DuBOIS — Significantly higher prices and shortage of materials in the lumber industry are part of the fallout from the COVID-19 pandemic and booming housing market.

Lezzer Lumber has been in business in Clearfield County for 92 years, said CEO Mike Lezzer, starting in 1929. Himself, his brother Dave and cousin, K.C. Lezzer, are the third generation Lezzer Lumber family.

The building materials business started in Curwensville, its home base, before opening other locations. The DuBois facility on Shaffer Road opened in the 1970s.

Lezzer Lumber now has 10 retail locations, a truss plant and three commercial door divisions, he said. The locations mainly offer the same things, depending on the size of the markets. For example, in places like Harrisburg and Lancaster, Lezzer Lumber supplies more single and multi-family homes, and it isn’t unusual to supply an apartment complex.

When all non-essential businesses were shut down as a result of COVID-19 in 2020, Lezzer Lumber was fortunate enough to stay open, given they could supply materials for emergencies like a leaking roof, said Lezzer. Unfortunately, contractors weren’t allowed to work, so there weren’t many people to sell to.

Each store had three or four people working, said Lezzer, and the company laid off 95 percent of its staff during the shut down. Following the first round of stimulus money, the business saw an influx in customers, being that more people were doing home projects like remodeling.

“During all of this, the lumber mills and every manufacturer in our industry thought we were heading into a recession,” Lezzer said. “They all cut back production.”

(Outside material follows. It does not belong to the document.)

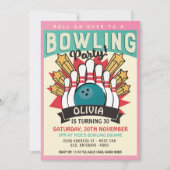 レトロボーリング誕生日パーティー 招待状 (正面)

These manufacturers also had the same issues everyone else did, he noted, with people contracting COVID-19 and not working. Ultimately, the whole industry has been impacted by this, given there has been an absolute shortage of materials.

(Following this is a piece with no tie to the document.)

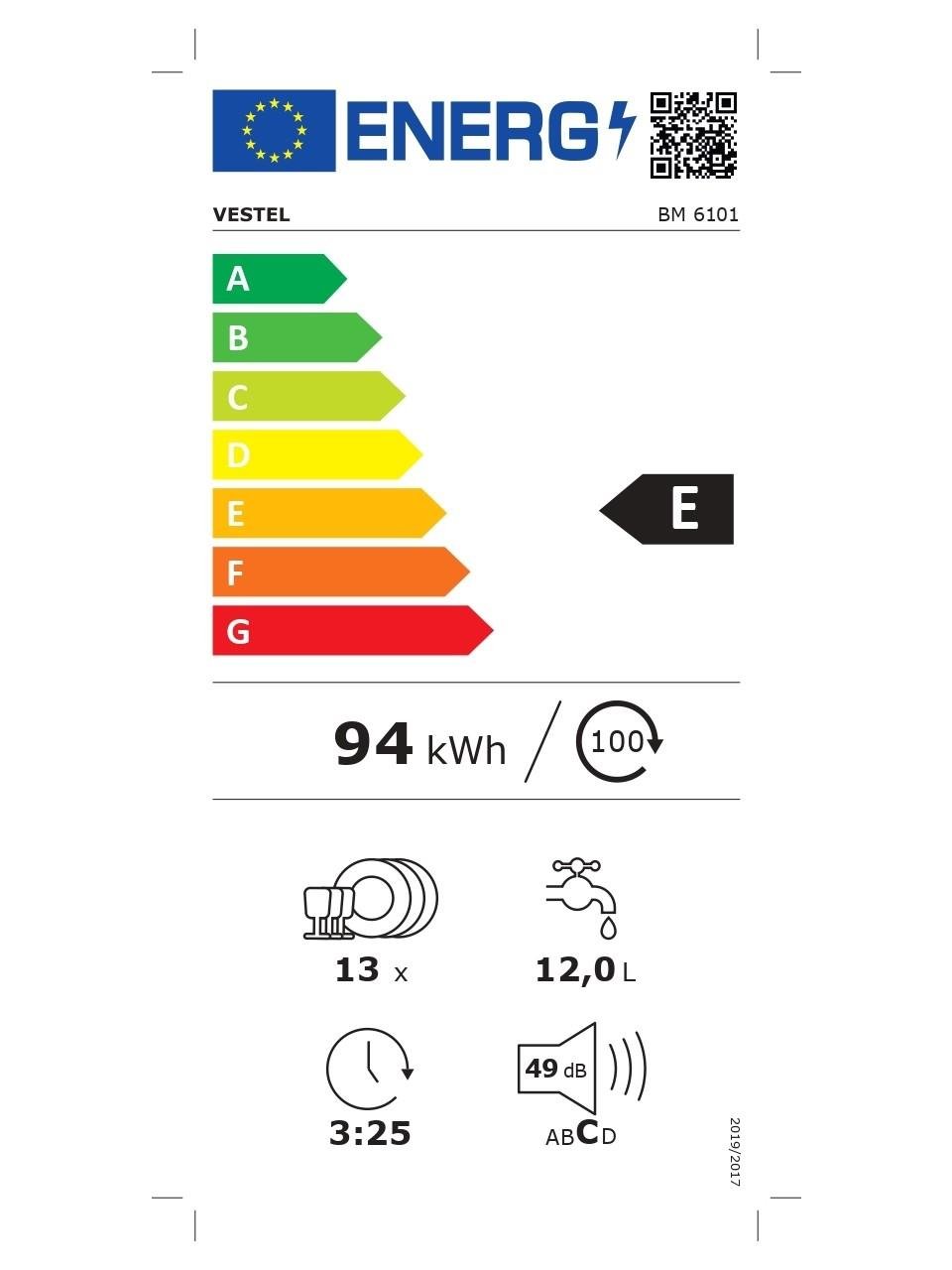 Vestel BM 6101 6 Programlı Bulaşık Makinesi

Coming out of the lockdown, said Lezzer, the lumber business was still booming, with people moving from big cities and populated areas to rural areas in Pennsylvania. But, there wasn’t enough capacity for all of the demand.

Despite the price and shortage of materials, the lumber market has been extremely busy this entire time, given the housing market is “on fire,” he said.

There were many customers wanting to build homes, but it was taking six to eight weeks to get the lumber trucks, Lezzer said.

It became clear that this wasn’t a short-term problem, he said.

“People just started buying anything they could,” he said. “We were buying whatever we could to keep our customers.”

Prices of lumber were four times what they usually are, an all-time high, he said.

“It has come down, and it may settle for a while,” Lezzer said. “We’ll hit a bottom in summer, and bounce up again. Summer is our busiest time.”

The price of lumber has recently dropped 25-30 percent, Lezzer said, but it still takes three to four weeks to get a load of lumber.

A builder could be working with a customer in DuBois or Curwensville in January or February, Lezzer explained, and not starting the job until April, and the price of the house would have increased $30,000-$40,000 during that time. Many projects have been delayed.

Even with just a remodeling job, plywood has gone from $15-$16 a sheet to $50, Lezzer said. Remodeling a garage could cost $900-$1,000 extra.

People are also shying away from apartment buildings more often, he added, and wanting their own homes.

Throughout the years, Lezzer said he has never seen the industry like this, noting it can take 12 weeks just to receive kitchen cabinets. Contractors are selling 30-40 houses per month.

When the Texas freeze hit in February, this also impacted the industry, since supplies like vinyl windows and decking all come from refineries in Texas, he noted.

“They were all shut down — this made even more of a problem,” said Lezzer.

Customers have been understanding during this time, although it’s frustrating when supplies take so long to arrive and people are excited and anxious to move in.

This was also a stressful time for Lezzer employees, he said.

“We had COVID issues and people who were off; we couldn’t get materials. It’s hard to hire people right now. People at all of our locations have been fantastic through all of this. I cannot say enough about our staff.”

Lezzer Lumber also has a very loyal customer base, both professionally and homeowners, he added.

The company aims to give back in return, too, supporting the United Way and gearing a lot of efforts toward kids and families. It held its contractor exhibition, bringing in all of its vendors to one location, in DuBois this summer.

“It was a nice opportunity for people to finally get out and socialize a little bit, and hear from vendors,” he said.